◆ What needs to be done
Emit a verbatim copy of the lines below from the line with "LONGUS Bidon kolarski" through the line with "醬板鴨宣傳朋友圈文案35句", excluding pictures and everything outside that range.

◆ Listed records
□ □ □ □ □
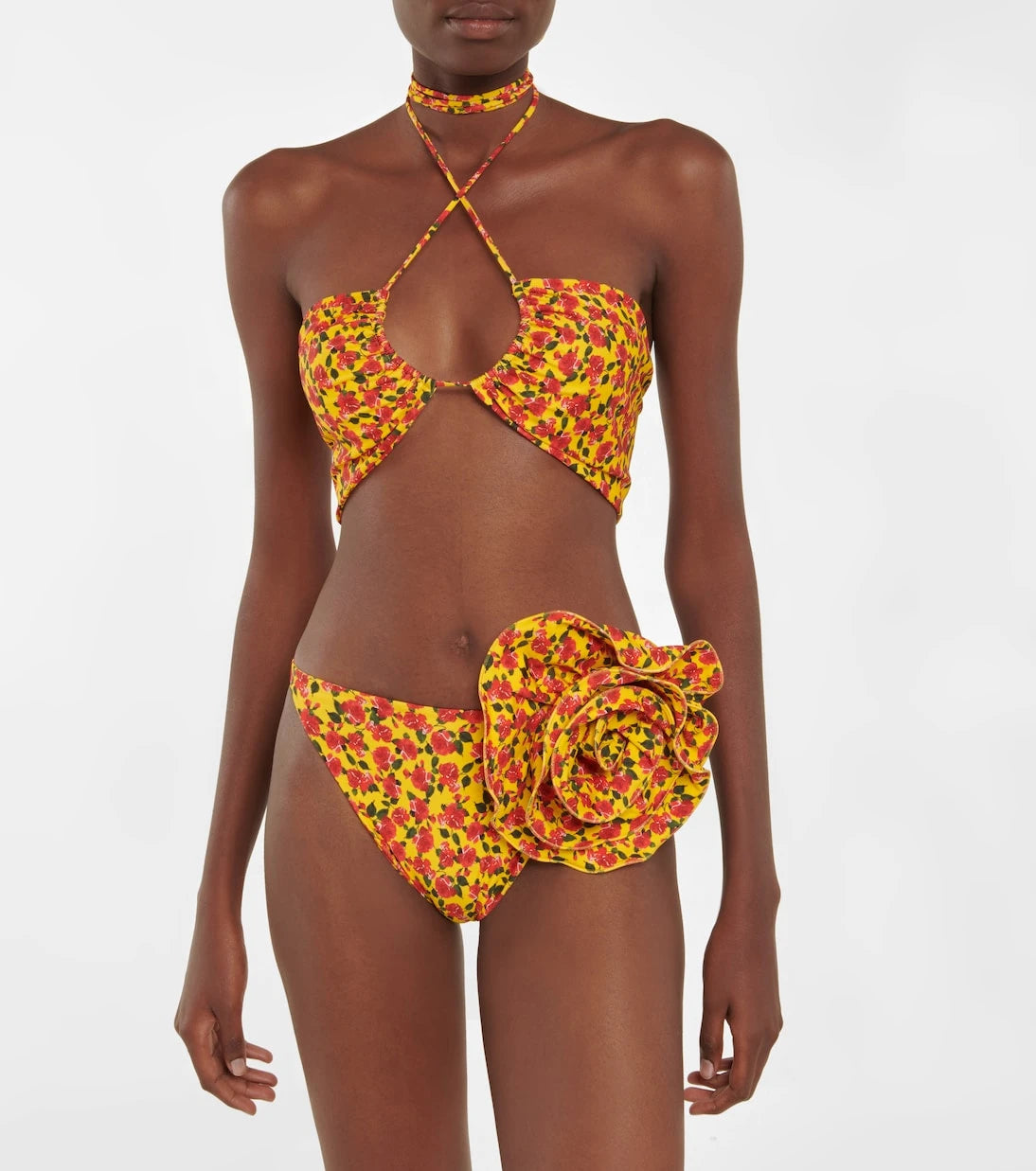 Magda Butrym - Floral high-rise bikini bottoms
□ □ □ □ □
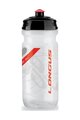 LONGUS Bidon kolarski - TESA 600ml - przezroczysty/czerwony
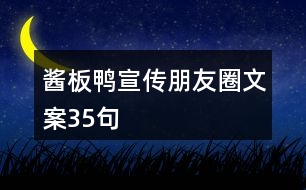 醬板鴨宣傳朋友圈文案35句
□ □ □ □ □
◆ Solution for this exercise
 LONGUS Bidon kolarski - TESA 600ml - przezroczysty/czerwony
 醬板鴨宣傳朋友圈文案35句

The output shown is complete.